Directions: Using the entries below, copy exactly each line from the line with "MINKOJA 100 piezas" up to and including the line with "MuchoWow Handyhülle Schutzhülle", with every picture left out.

Raw data:

========================================

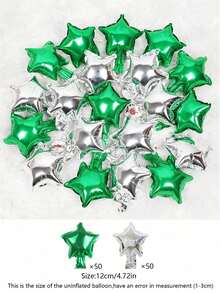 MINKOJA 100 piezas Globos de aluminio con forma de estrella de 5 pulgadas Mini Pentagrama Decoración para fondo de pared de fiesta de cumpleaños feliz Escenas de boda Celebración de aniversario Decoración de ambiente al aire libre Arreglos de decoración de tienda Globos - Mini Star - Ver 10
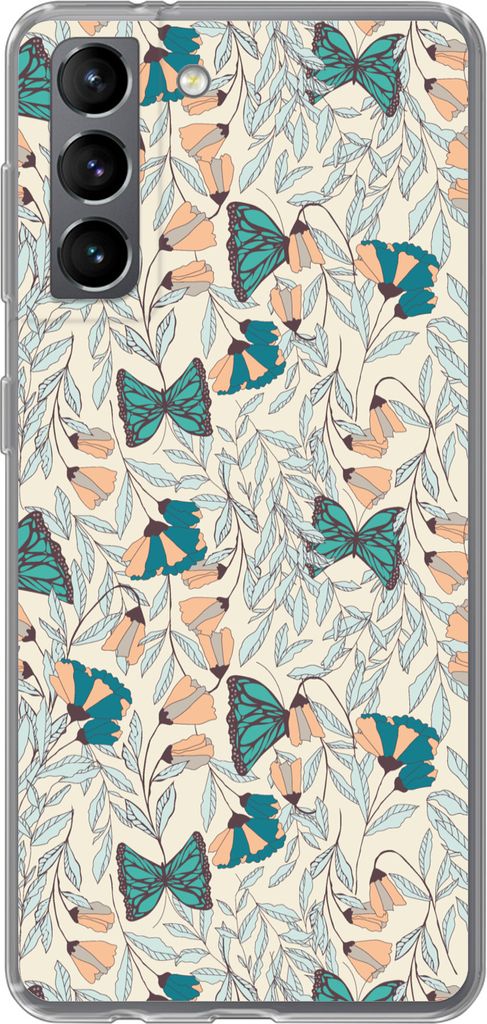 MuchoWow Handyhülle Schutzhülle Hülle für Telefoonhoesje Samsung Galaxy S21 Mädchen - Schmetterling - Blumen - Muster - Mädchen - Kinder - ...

========================================

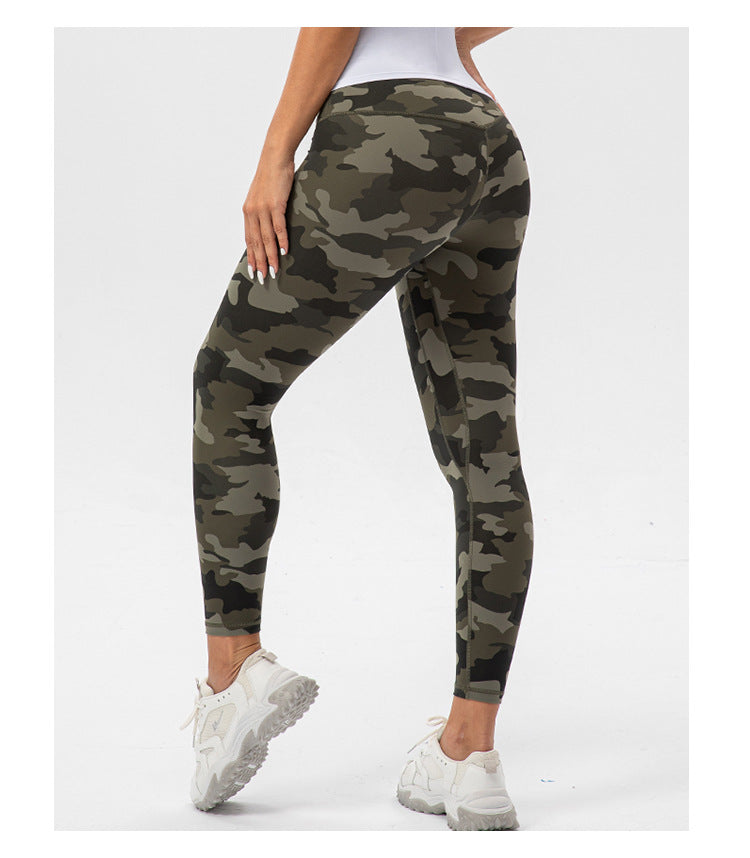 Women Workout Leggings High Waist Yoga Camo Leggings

========================================

Completed exercise:
 MINKOJA 100 piezas Globos de aluminio con forma de estrella de 5 pulgadas Mini Pentagrama Decoración para fondo de pared de fiesta de cumpleaños feliz Escenas de boda Celebración de aniversario Decoración de ambiente al aire libre Arreglos de decoración de tienda Globos - Mini Star - Ver 10
 MuchoWow Handyhülle Schutzhülle Hülle für Telefoonhoesje Samsung Galaxy S21 Mädchen - Schmetterling - Blumen - Muster - Mädchen - Kinder - ...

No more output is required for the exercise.